Covax, a global effort to distribute vaccines equally that is run by the World Health Organization and others, has tried to shift the balance. As of March 30, Covax has shipped 32.9 million vaccine doses to 70 countries and regions. Most of those shipments were donations to lower-income countries. To put that number in context, it is just 6 percent of the 564 million doses that have been administered worldwide.

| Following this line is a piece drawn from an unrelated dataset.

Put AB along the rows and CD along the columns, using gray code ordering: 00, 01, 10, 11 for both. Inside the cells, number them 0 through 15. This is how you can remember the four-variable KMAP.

“Inequities are growing, unfortunately,” said Andrea Taylor, a researcher at Duke University who is studying the vaccine purchase agreements, “and we expect that to be the case for at least the next six months while wealthy countries continue to keep the majority of doses rolling off production lines.”

Here’s what else we learned this week:

  • Federal health officials said on Friday that Americans who are fully vaccinated against Covid-19 can travel at low risk to themselves, but that they must continue to take precautions like wearing a mask.

  • As Gov. Andrew M. Cuomo of New York was writing a book that would center on his image as a hero of the pandemic, an impending Health Department report threatened to disclose a far higher number of nursing home deaths related to the coronavirus than the Cuomo administration had previously made public.

  • A clinical trial of the Pfizer-BioNTech vaccine found that it is extremely effective in young adolescents, maybe even more so than in adults. The trial found no symptomatic infections among vaccinated children ages 12 to 15, the companies said, and there were no serious side effects. The data has not yet been reviewed by independent experts.

The Red Light District in Amsterdam, The Netherlands, was nearly deserted on Thursday night.
Credit…Ilvy Njiokiktjien for The New York Times

When international travel came to a halt last year, Amsterdam — like cities everywhere — was drained of tourists almost overnight. The effect, according to Sonia Philipse, the owner of the restaurant Lavinia Good Food, was both surreal and serene: Without the crowds, her city was quieter and more beautiful than she had ever seen it.

“At this point we’re missing our tourists again,” Ms. Philipse said recently. “But I think there was a moment of really big joy in getting our city back.”

In 2019, a record-breaking 21.7 million people visited Amsterdam, a city with a population of about 870,000. After the pandemic wiped out tourism in 2020, and with visitor numbers still low, Amsterdam’s leaders are trying to introduce new restrictions in an effort to ensure that old problems stemming from tourism don’t reappear when visitors return.

Even before the pandemic, city leaders put in place measures to try to address residents’ complaints about disruptive tourists who disrespected prostitutes, drove up housing prices by occupying short-term vacation rentals and had taken over some of the city’s most beautiful, historic areas. Officials raised the tourist tax and banned several types of businesses, including guided tours of the Red Light District, new hotels in the city center and new shops that cater to tourists.

“Constantly increasing numbers of visitors, misconduct, a shrinking retail mix, rising property prices, commercialization of public space and criminal subversion all call for measures to be taken,” Amsterdam’s mayor, Femke Halsema, wrote of the city center in a letter to the City Council in 2019.

Ms. Halsema proposed four scenarios for the future of sex work in the Red Light District. One of those scenarios — the relocation of sex workers to a “prostitution hotel” elsewhere in the city — recently attracted the support of a majority of City Council members and is awaiting full approval.

Another headline-grabbing proposal from the mayor’s office would make it illegal for visitors to buy cannabis in Amsterdam’s coffee shops, which are concentrated in the Red Light District, an ancient part of Amsterdam’s city center and a huge magnet for tourists. Amsterdam has also joined more than 20 other European cities to advocate stricter rules on vacation-rental platforms at the European Commission and in the European Parliament.

The proposals have provoked opposition from local business owners and those in the sex work industry, who argue that the government should increase enforcement of existing prohibitions against public urination, public drunkenness and disturbing the peace.